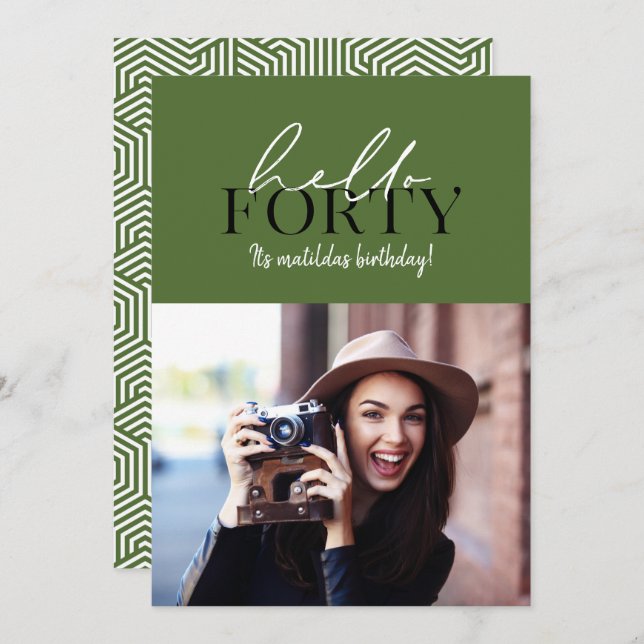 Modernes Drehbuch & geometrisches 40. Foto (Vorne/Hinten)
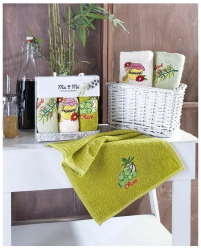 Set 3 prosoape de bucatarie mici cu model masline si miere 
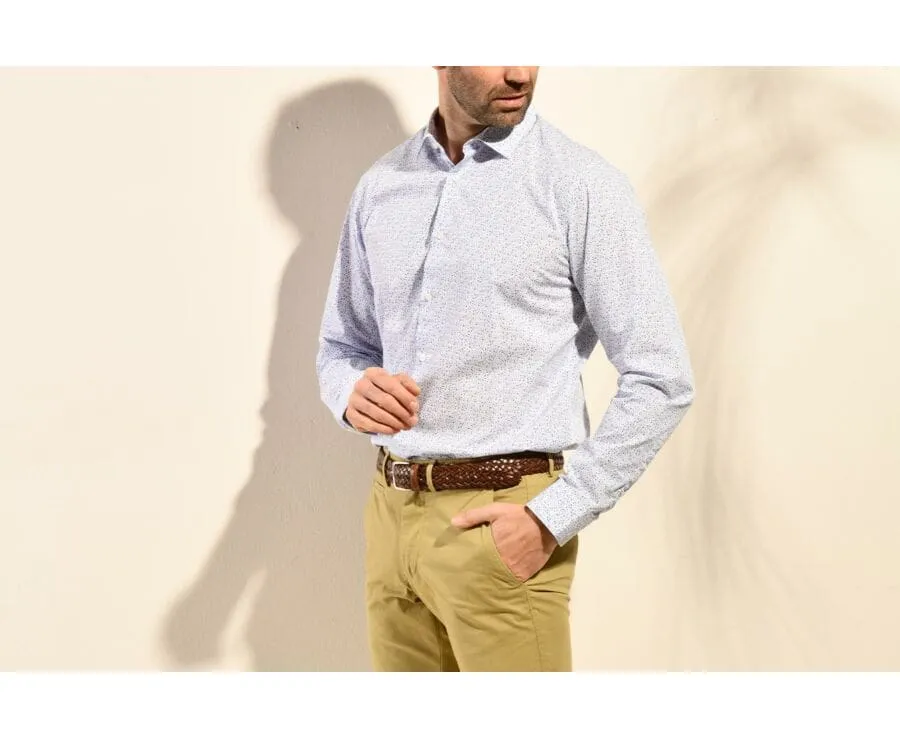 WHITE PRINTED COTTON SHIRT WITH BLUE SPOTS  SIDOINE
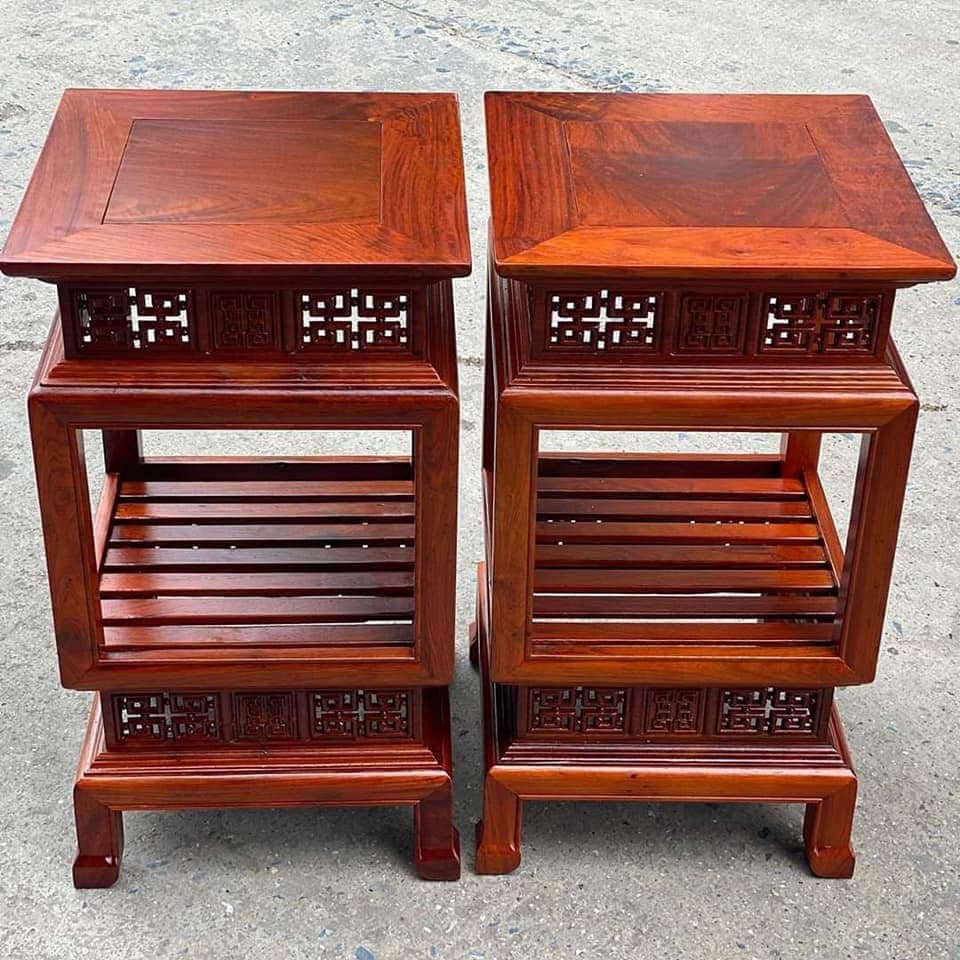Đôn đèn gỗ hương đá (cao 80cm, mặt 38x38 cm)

▬▬▬▬▬▬▬▬▬▬

AIM OF THE TASK – Transcribe the listing exactly. Its images are to be omitted.

ANSWER –
 Modernes Drehbuch & geometrisches 40. Foto (Vorne/Hinten)
 Set 3 prosoape de bucatarie mici cu model masline si miere 
 WHITE PRINTED COTTON SHIRT WITH BLUE SPOTS  SIDOINE
Đôn đèn gỗ hương đá (cao 80cm, mặt 38x38 cm)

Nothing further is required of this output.